Like any city, Vancouver has its myths and clichés. Being a lifelong resident of the Lower Mainland, these are as common to artist Kevin Lanthier as the North Shore Mountains, or Number 1 Highway. As a digital photo artist, the ability to extract and recompose elements allows him to explore these ideas. So while every subject of his images can be found within the Greater Vancouver area (unless they’ve already become victims of the city’s ever-reconstructing nature), none will be found in the context in which you see them here.

As such, The Special is not at all about the strict documentation of the city, but rather presents a crafted idea of it as it exists in our thoughts and memories. The flattened perspective of the buildings suggests reducing those structures to symbols, as a child would draw a house by placing a triangle atop a square, yet they maintain photorealism. The assembly of the pieces is done with the intention of creating a series of hyperreal, yet nostalgic little worlds, each of them distinctly and recognizably Vancouver.
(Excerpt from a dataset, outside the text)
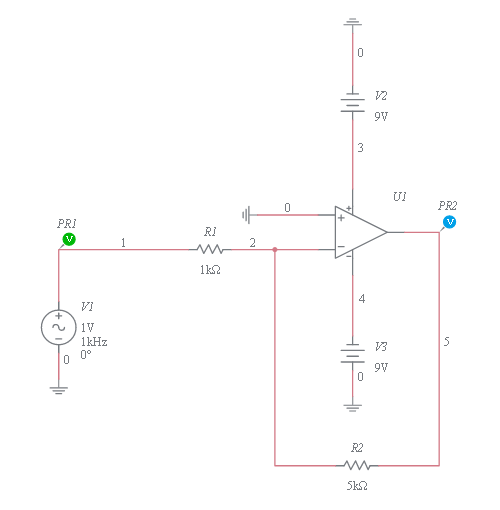 Copy of Inverting Amplifier (1) - Multisim Live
Since it’s first appearance in 1965, the Vancouver Special has become ubiquitous throughout the city, especially it’s eastern half. The only house style completely unique to Vancouver, they were initially targeted for immigrant families looking for an affordable, modern home designed to optimize use of the 33 foot wide city lot. The original plans could be purchased at City Hall for $65, permits were given out almost immediately, and they could be built in as little as three weeks. With no basement to excavate, they were quick, convenient, and inexpensive. By the mid 80’s their boxy, utilitarian, stucco/wood paneling/brick or stone veneer aesthetic had become so reviled that they earned their derisive name and bylaws were passed to prevent their further construction. Over 10,000 remain today, symbols of the city’s rapid growth and working class practicality.

Today, a new style of house is being mass-produced, one with almost the same uniformity and pervasiveness of the classic Vancouver Special: a house design I think of as being the “New Vancouver Special”. All over the city, older houses are being knocked down and replaced with this new design here. While the classic Vancouver Specials are having something of a renaissance, becoming targets for renovations that take their strengths in efficient use of space and modernizing the aesthetic for the more trendy, affluent homebuyer of today, I wonder will these brand new houses have the same nostalgia surrounding them in 40 years? Do they even have a quality of build to sustain such long-term use? Do they offer anything worth the waste created by knocking down the older houses they replace?